NOTE This post is one in a series on Hadoop for .NET Developers.
Big Data has been a source of excitement in the analytics community for a few years now. For the purpose of this blog series, I’ll loosely define the term to mean an expansion of focus from data originating from core operational systems - the domain of traditional Business Intelligence - to include new data sources either historically neglected or newly available.
That is a gross simplification of the term Big Data but it’s challenges inherent to working with these new data that have driven the adoption of new data platforms. And as we’re focusing on Hadoop, the most widely recognized of these new data platforms, such a limited definition of Big Data would seem to suffice.
Hadoop is an elastic, distributed, schemaless data processing platform and is ideal for scenarios where you have large data sets with low per-record value, e.g. log files, in that it provides a low investment data access solution. It is also a good platform for complex data that require sophisticated parsing and interpretation, e.g. XML or JSON documents, image files, etc., and/or which may be subject to variable interpretations, e.g. customer Tweets (in a JSON document).

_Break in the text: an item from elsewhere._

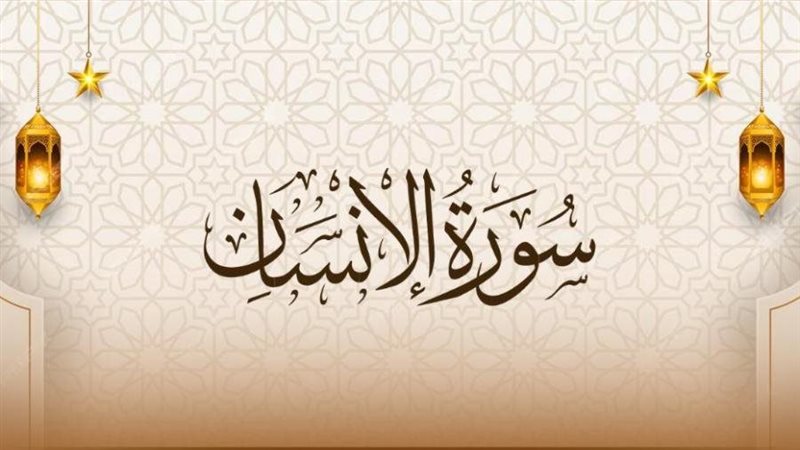 أسماء سورة  الإنسان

In addition, Hadoop is a great platform when you need massive scalability beyond what might be accomplished with a traditional relational database platform. That said, I’m not finding this last scenario to be applicable to many of my customers (though it is applicable to some). For the vast majority of the folks with which I work, the economics and flexibility of Hadoop tend to be the most compelling reasons to explore this platform.